# 1 year since Odyssey's gotcha day!!!!



## odyssey~ (Aug 11, 2021)

here's a compolation of a BUNCH of pics from the past year. Enjoy~


----------



## Apollo’s Slave (Aug 11, 2021)

Happy gotcha day Odyssey! Love the pictures - she's so gorgeous


----------



## Berry (Aug 11, 2021)

Aw, Odyssey is adorable! And lucky to have you as an owner 

(This is Tater btw lol, didn't know you were on this forum xD I've been lurking it a bit the past week or so helping someone with some bunny issues)


----------



## SirLawrence (Aug 11, 2021)

Yay!!! Congrats, and hope you both get some cele-ry-bration time!! 

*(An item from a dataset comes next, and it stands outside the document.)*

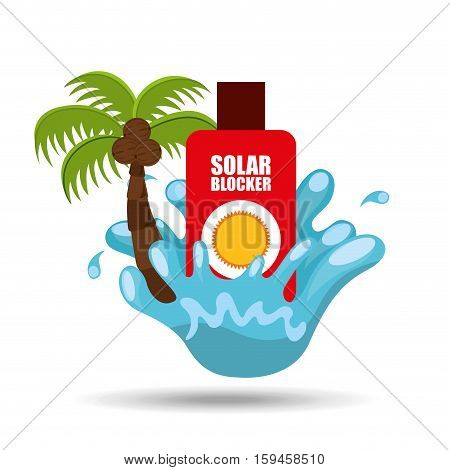 solar blocker water splash palm summer vacation vector illustration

Sorry, couldn't help myself... and don't feed your rabbit celery.


----------



## odyssey~ (Aug 11, 2021)

Berry said:


> Aw, Odyssey is adorable! And lucky to have you as an owner
> 
> (This is Tater btw lol, didn't know you were on this forum xD I've been lurking it a bit the past week or so helping someone with some bunny issues)


Oh hey Tater! I didn't know you were on here either lol.
(I saw your HH post on which breeds the bunny could be, it's a lop rabbit. If it's 3-4lb it's probably a holland lop, 5-8lb mini lop lop. If the bunny wasn't from a breeder then it's probably a mix breed )


----------